Neyse uzatmayayım. Yaşlı kurt ejderhayı da altetmeyi beceriyor. Fakat bu uğurda yaşamını veriyor. Krallık tacını ise adını şimdi hatırlayamadığım sağ koluna teslim ediyor. Şimdi buraya dikkatinizi çekerim. Beowulf’un sağ kolu elinde taç ile ufka bakakalıyor. Çünkü güzeller güzeli şeytan, denizden süzüle süzüle yeni kralın yanına doğru yanaşıyor. Şimdi bekliyorsunuz ki, hadi artık bu sefer şeytan şöyle temiz bir operasyon ile temizlensin. Hayır. Yeni kral sadece bakakalıyor ve film burada sona eriyor.

Filmde adı geçen 2 kral da zaaflarına yenilerek yürütmekle mükellef oldukları düzeni tehlikeye atıyor, birçok kişinin ölümüne zemin hazırlıyorlar. Eh belli ki, silahına doğrulmak yerine güzelliğine bakakalan 3 kralın da sonu belli...

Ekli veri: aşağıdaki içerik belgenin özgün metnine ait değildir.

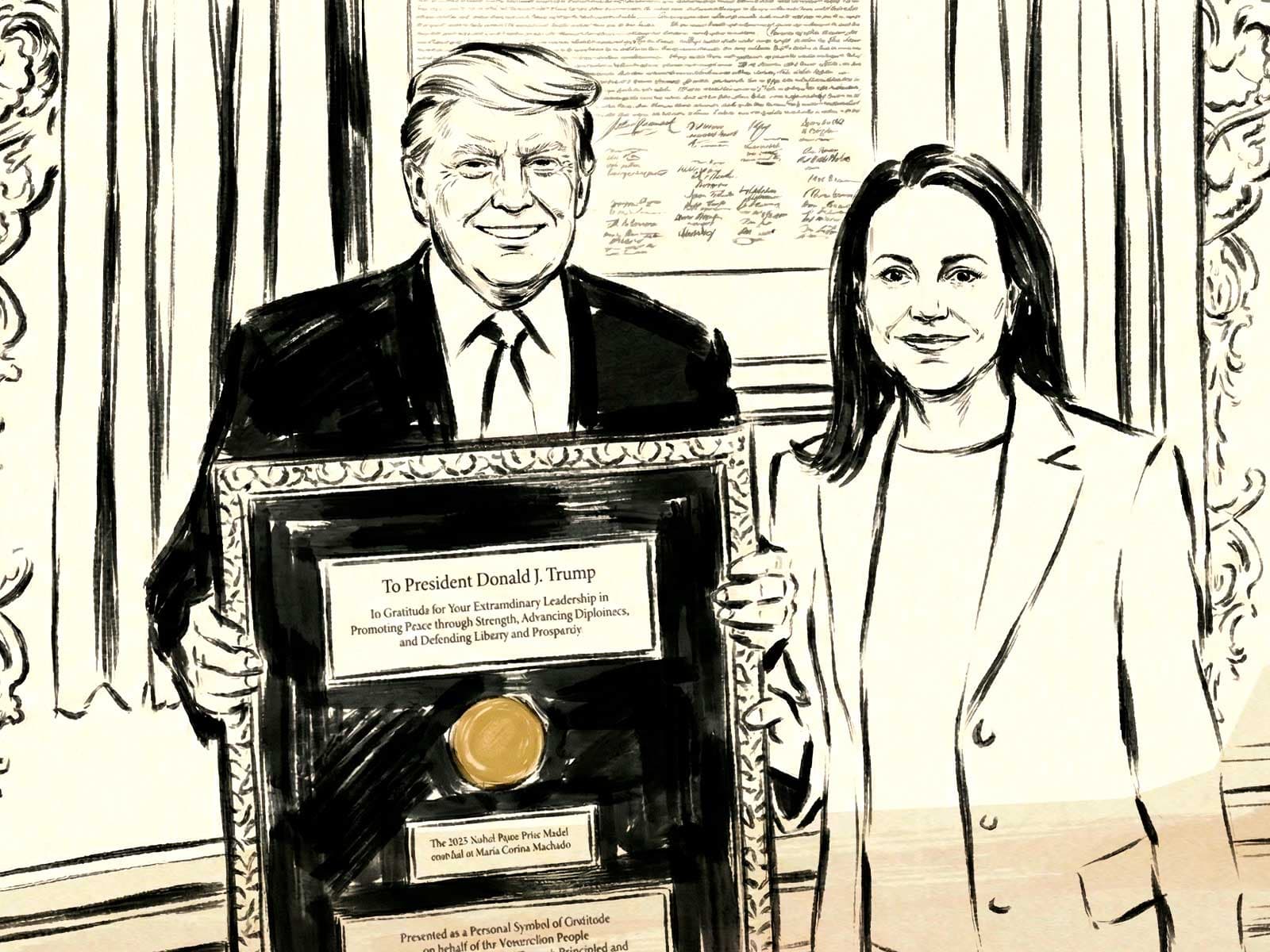 Encuentro Histórico: María Corina Machado y Donald Trump se Reúnen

Bu filmi bu kadar detayı ile anlatmamın tek nedeni şeytanın bu işin neresinde olduğunu anlamak... Biz kadınlar hakikaten iki bacağımızın arasında tüm dünyanın düzenini değiştirecek bir şeytani mekanizma ile mi yaşıyoruz... Yoksa şeytan o mekanizmaya koşar adımlarla gelen zaafiyet damarında mı gizli... İrade ile içgüdü savaşa girerse hangisinin galibiyeti mübah sayılıyor... Yoksa ‘ortada şeytan falan yok, bu sadece doğal bir süreç ve ne yapalım o seksten de ancak canavar doğuyor’ gibi kader buymuş yaklaşımı mı...

Ben bu soruların cevaplarını bilmiyorum. Bilen varsa beni de aydınlatsın lütfen.